The report is by Michael Mandel, the institute’s chief economic strategist, and Elliott Long, a senior economic policy analyst. Mandel was chief economist of BusinessWeek, the predecessor to Bloomberg Businessweek (making him my former boss). He is also a senior fellow at the Mack Institute for Innovation Management of the Wharton School at the University of Pennsylvania.

Critics of Amazon say it costs jobs by putting smaller retailers out of business. But in an email exchange, Mandel wrote that “the number of workers added by e-commerce exceeds jobs lost by brick and mortar.” The main reason, he wrote, is that e-commerce customers are creating jobs for drivers, warehouse workers, and others, who are freeing them from having to shop in person. “Investment in e-commerce is job-creating because it replaces unpaid household shopping hours, which have fallen dramatically,” Mandel wrote.

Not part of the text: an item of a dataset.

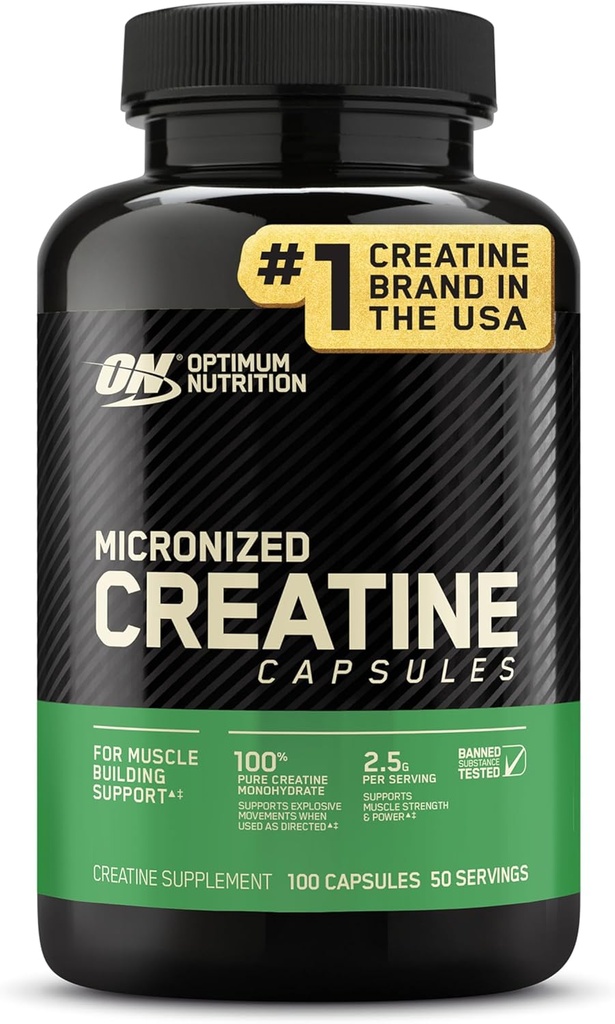 Optimum Nutriţie Capsule Micronizate Creatină Monohidrate, Keto Friendly, 2500 mg, 100 Capsule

This is the 10th annual edition of the investment heroes report by the Progressive Policy Institute. It’s based on gross investment—i.e., before accounting for the effects of depreciation. The numbers come from company reports. The authors made estimates when the companies didn’t break out U.S. investment separately. Most financial companies, excluding health insurance companies, were excluded. For Amazon, which relies heavily on finance leases, the report included principal repayment on those leases as a form of investment.

The report takes a shot at critics in the camp of Cicilline and Hawley, without naming names. “It seems odd that Congress seems more interested in sharply questioning companies that are investing heavily in America, rather than those that have reduced investment or actually disinvested in this country,” it says.

The Progressive Policy Institute gets general funding from some of the companies on the heroes list, Mandel wrote in an email. But he says “the methodology only uses publicly available data and a consistent procedure that can be replicated.”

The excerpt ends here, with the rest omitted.